And, now, with that all as the setup, here comes what we’ve been waiting for.
The Same Old Story, Told in a New Way
When Ahaz refuses to believe the Lord, when he even rejects the offer of a sign, Isaiah responds, “Listen now, O house of David…The Lord himself will give you a sign. Behold, the virgin shall conceive and bear a son, and shall call his name Immanuel” (7:14). In the verses that follow, to the end of the chapter, Isaiah delivers a smackdown on Ahaz. The two kings he so fears will soon be decimated. And the Assyrian ally he has chosen—that big, bad dog—will turn and sink its fangs into him. His land that he was afraid would become a waste, will indeed become so, at the hands of the very Assyrians in whom he put his trust. The land of milk and honey will become a bramble of briars and thorns (7:24).
Oh, Ahaz, you have chosen poorly.
But let us go back to the virgin, the one whose mother will name her Miriam (in Hebrew) but whom we know better as Mary. Now we are ready finally to answer the question of why her virginity was so crucial.

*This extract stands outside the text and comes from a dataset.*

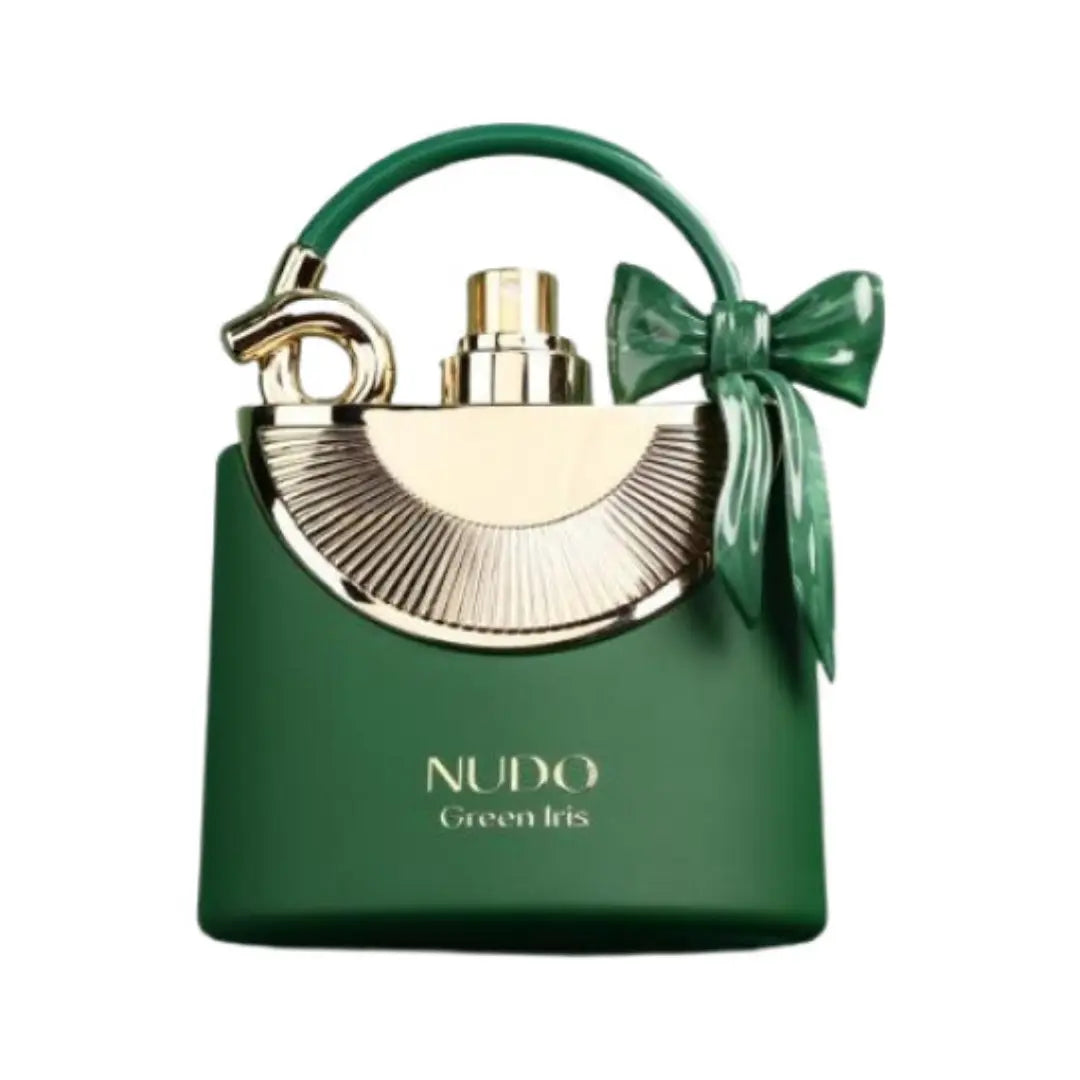 Nudo Green fragrance world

We might it summarize like this: Ahaz surmised that the only conceivable hope he had was to turn to ordinary means for salvation, so God conceived hope in an extraordinary way by a virgin becoming pregnant with Salvation himself.
It’s really the same old story, just told in a fresh and even more miraculous way. Abraham and Sarah couldn’t conceive the promised son because they were too old, so God conceived the hope named Isaac in them in an extraordinary way. He was calling them to live by faith in his creative word (see Rom. 4:16-25). As it was for Abraham and Sarah, so it was for Isaac and Rebekah, Samuel’s parents, Samson’s parents, and John the Baptist’s parents. Into wombs that seemed unable to conceive, God caused conception to occur by the power of his vivifying word. All he wanted was for his people to live by faith in that word, which speaks life into death, light into darkness, hope into despair, a child into a womb that one would never expect to swaddle life.
Bedeviling Unbelief
I think we need to work Ahaz into all our Christmas pageants. Dress him as an arrogant king with a donkey tail and have him sulk over in the door with a stupid glare of incredulity on his face. The church, through the centuries, has confessed, “born of the virgin Mary” in the Creed, as an affront to that old king—and to all our own jackassing, Ahazing unbelief that still bedevils us.

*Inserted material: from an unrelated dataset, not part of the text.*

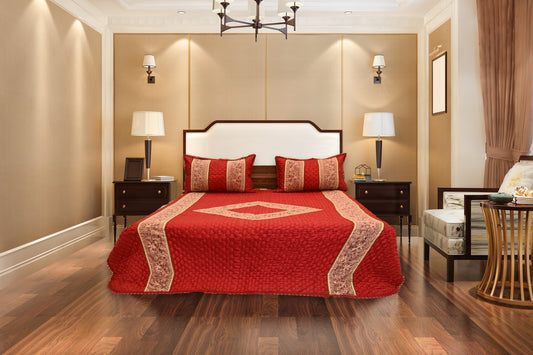 Jacquard Tissue Bedspread JT 002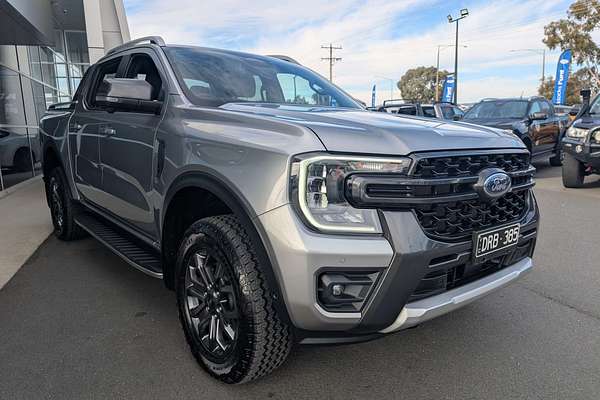 2024 Ford Ranger Wildtrak  4X4 2.0L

Mary, according to everything we (think) we know, should not be able to get pregnant since she’s a virgin. But, of course, according to everything we (think) we know, the world should not come into existence just by God speaking; nor should a 90-year-old woman named Sarah conceive just because God promised; nor should the tiny nation of Judah be saved just because God says it will; nor should a boy born in Bethlehem be the Word of God incarnate, Immanuel, come to recreate us all, and, through his resurrection, to usher an unutterable hope into our lives.
But it’s all deliciously, crazily true because God’s word does what it says.
And he does it all for you.
That may not be your usual reason for the virgin birth, but it’s Isaiah’s.
And it’s good news for you from beginning to end.